> _Instructions to follow_:
Transcribed word for word, the lines below from the one with "The Emerald Escape 2BR/2BA King Suite" through the last line of the records form the answer; no picture is to be included.

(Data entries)
◆ ◆ ◆

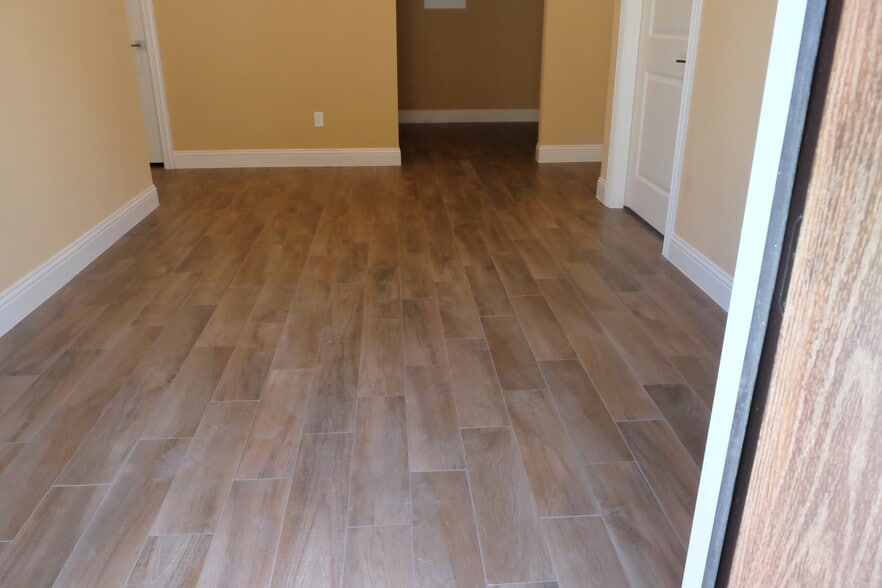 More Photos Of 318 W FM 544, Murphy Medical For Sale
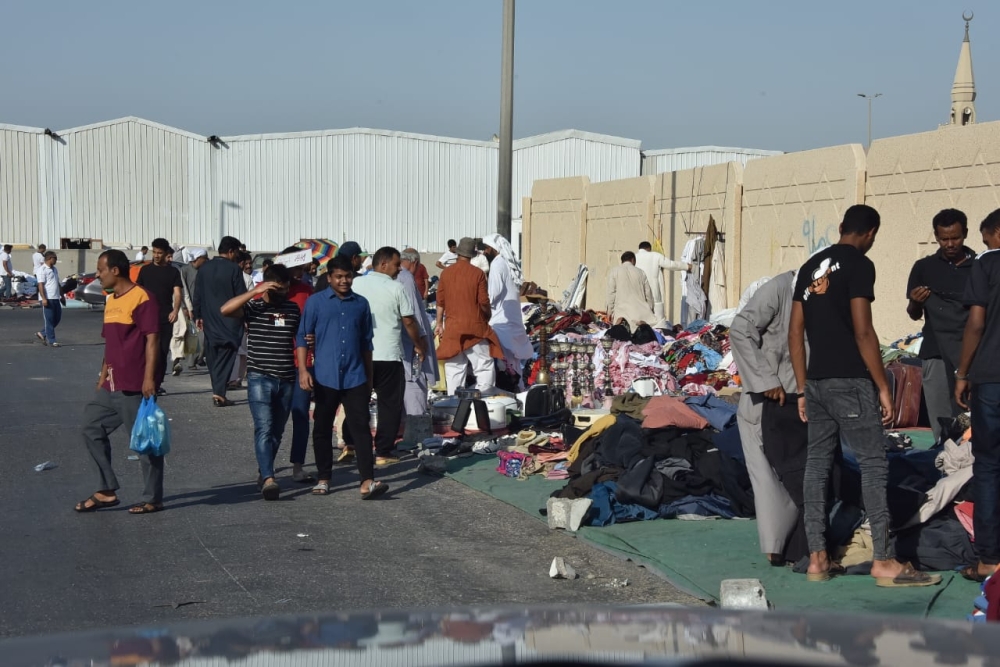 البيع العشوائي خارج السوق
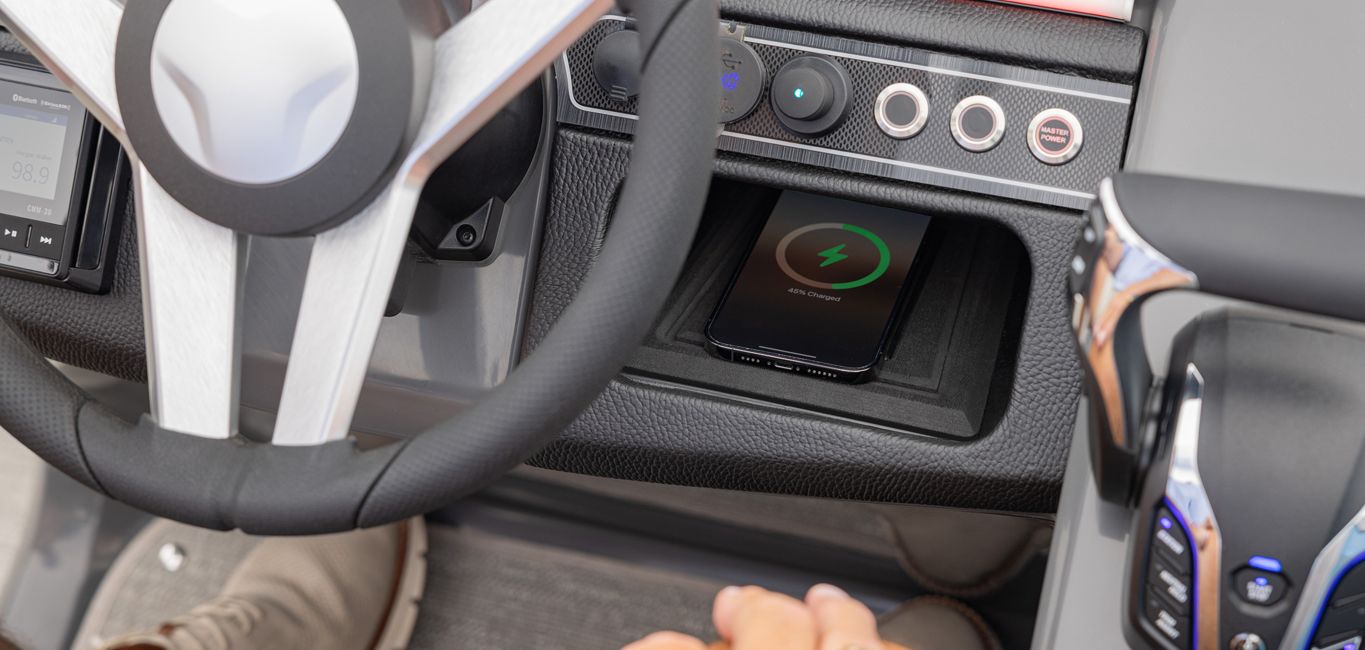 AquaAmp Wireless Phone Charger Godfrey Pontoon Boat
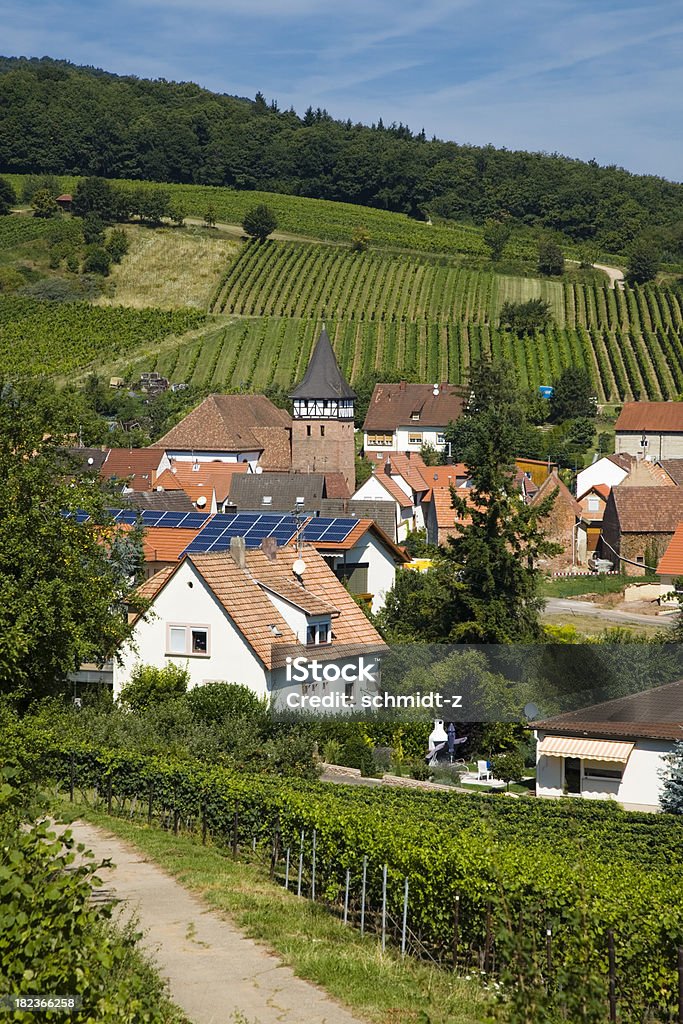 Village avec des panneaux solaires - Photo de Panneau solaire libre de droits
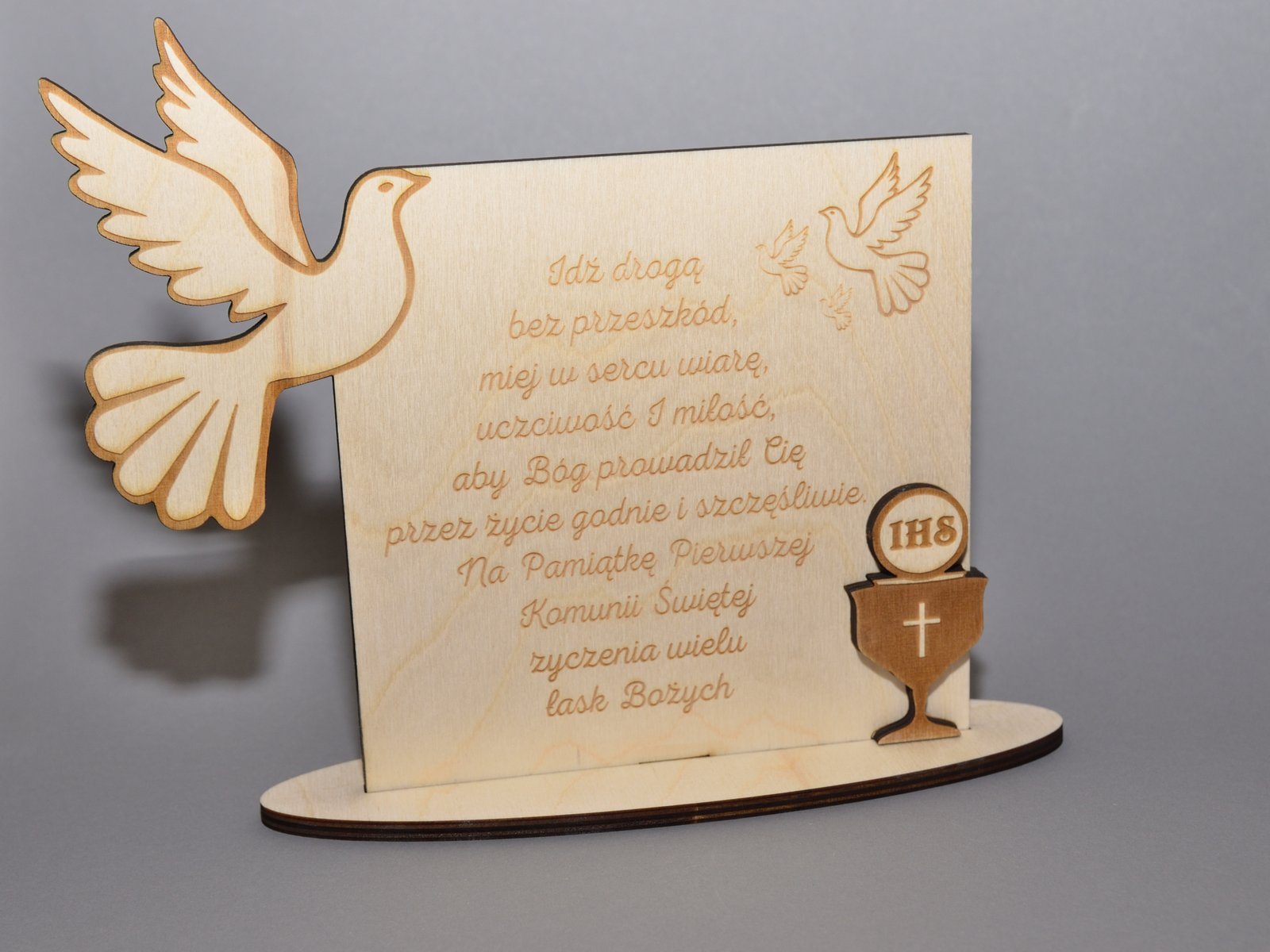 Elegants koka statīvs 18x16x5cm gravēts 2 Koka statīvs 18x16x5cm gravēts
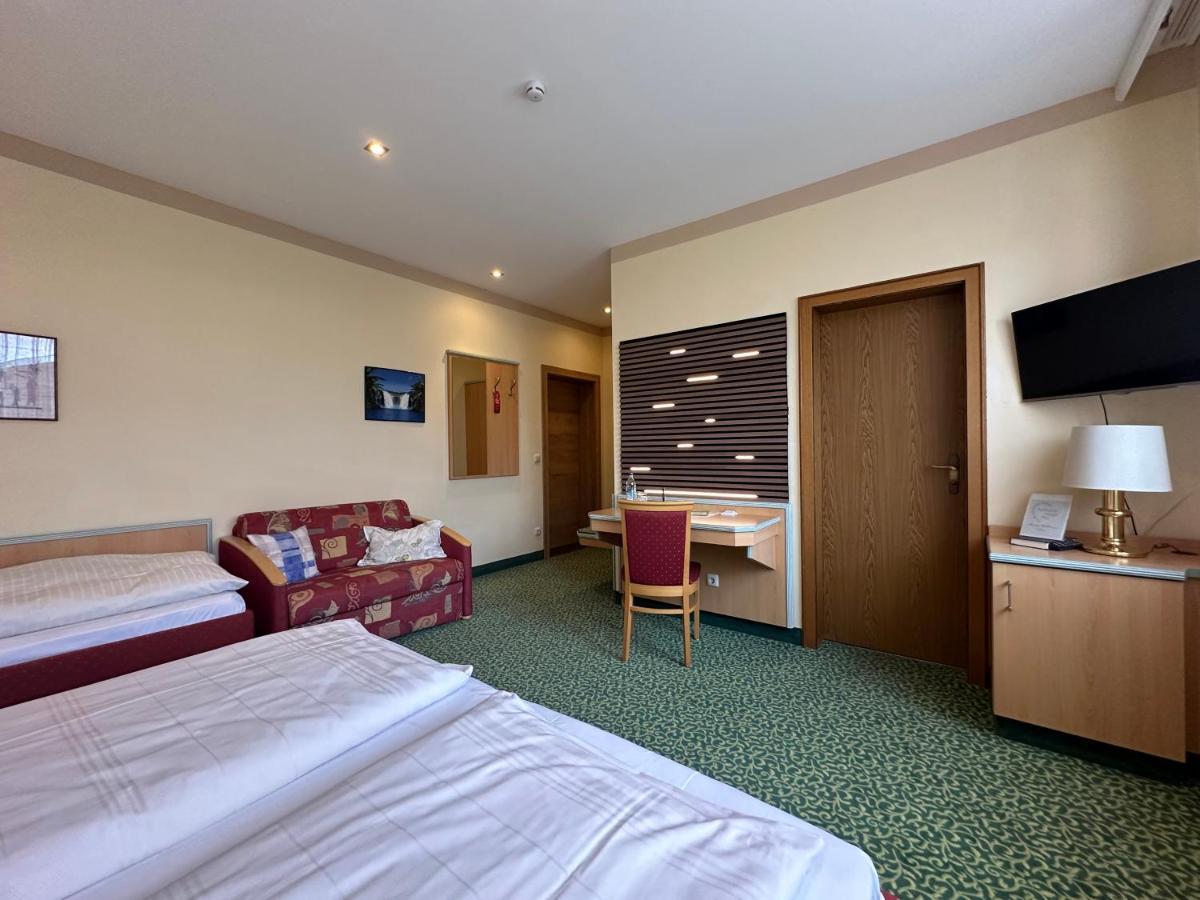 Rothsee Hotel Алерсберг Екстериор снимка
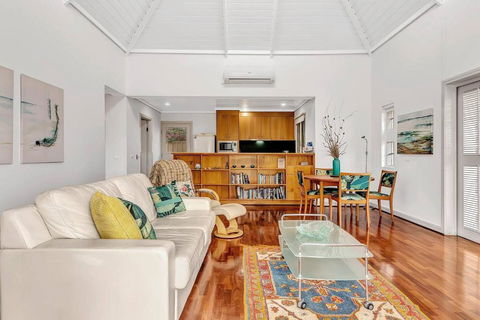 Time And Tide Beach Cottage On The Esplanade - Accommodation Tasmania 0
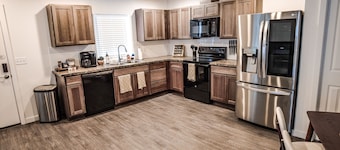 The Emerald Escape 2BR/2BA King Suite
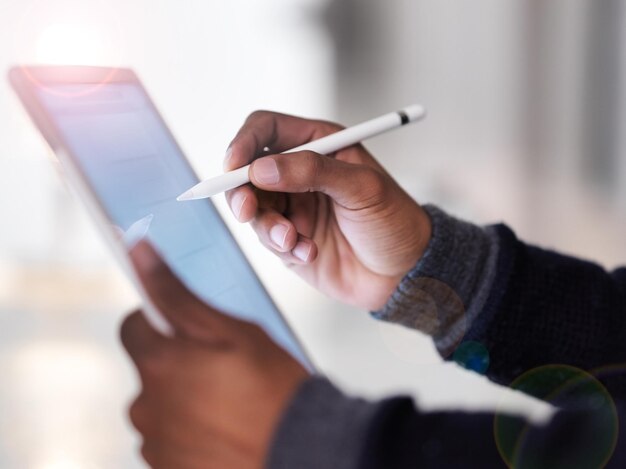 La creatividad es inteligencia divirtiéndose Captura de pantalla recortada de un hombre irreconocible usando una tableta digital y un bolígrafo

◆ ◆ ◆

> _Solved exercise_:
 The Emerald Escape 2BR/2BA King Suite
 La creatividad es inteligencia divirtiéndose Captura de pantalla recortada de un hombre irreconocible usando una tableta digital y un bolígrafo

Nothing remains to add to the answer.